AFRİN STRATEJİK BİR ALAN

Son dönemlerde Afrin’e sıçrayan çatışmalara da değinen Salih Müslim ne idüğü belirsiz bir çok kişinin kendini Özgür Suriye Ordusu (ÖSO) olarak ilan ettiğini söyledi. Müslim, şöyle konuştu: “Suriye rejiminden kopmuş hırsızlık yapan halkı soyan bazı gruplar da kendilerini ÖSO olarak yansımaya çalışıyor. Başı ayağı ve gözü olmayan bu güçlerin çoğu da dış devletlere bağlıdır. Gerçek anlamda Suriye halkı için savaşan gruplar ise azınlıktadır. Bazıları PYD’nin rejimden yana olduğunu söylüyorlar. PYD ilk günden beri rejime karşı savaş halindedir. Bizim temel yöntemimiz ölümleri çoğaltmak değil halkımız için en kansıza yakın biçimde kazanım elde etmektir. PYD Rojava'da Kürt devriminin temel parçasıdır. Son dönemlerde çatışmalar neden Afrin’e sıçradı. Bu alan stratejiktir. Bir taraftan Şiiler var, rejim güçleri hakımdır. Diğer taraftan Idlıp bölgesi var. Afrini’ ele geçirmek istiyorlar. Kürtler direniyor. Önümüzdeki süreçte daha yoğun çatışmalar da gelişebilir. Biz Kürtler olarak kendimizi korumaya hazırız. YPG’nin bu halkı savunmaya gücü var.”

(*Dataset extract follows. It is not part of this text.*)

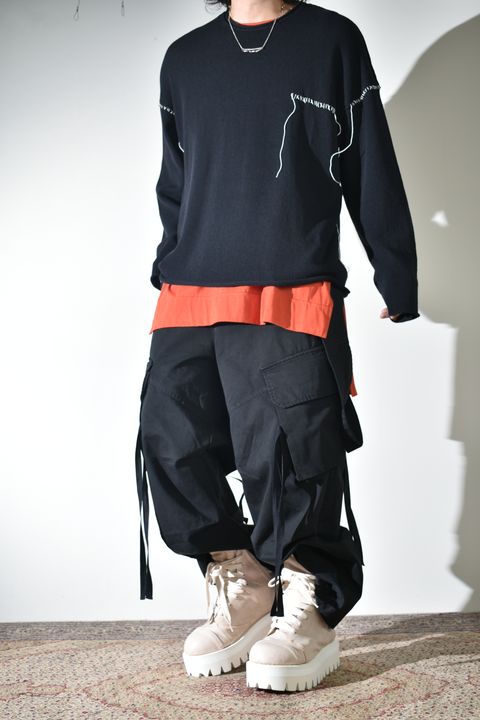 差し色とリラックスカジュアル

ULUSAL KONFERANS İÇİN UMUTLUYUZ

Brüksel’de yapılan KNK’nin 13. Genel Kurul’na katılımın, önümüzdeki dönemde yapılması planlanan ulusal konferans için kendilerini umutlandırdıklarını belirten Müslim, şöyle dedi:  “KNK ulusal bir kurumdur. 13. Genel Kurulu’na hemen hemen katılmayan Kürt örgütü kalmadı. Tartışmalar oldukça demokratikti. YNK temsil düzeyinde Mele Baxtiyari’yi gönderdi. KDP bir temsilci aynı zamanda Kürdistan Bölge başkanı Mesut Barzani de bir mesaj gönderdi. Bunlar Kongreyi rahatlattı. Eşbaşkanlı sistemi kabul edildi. Bütün bunlar Hewlêr de yapılacak Kürt ulusal konferansı için umut verici gelişmelerdir.”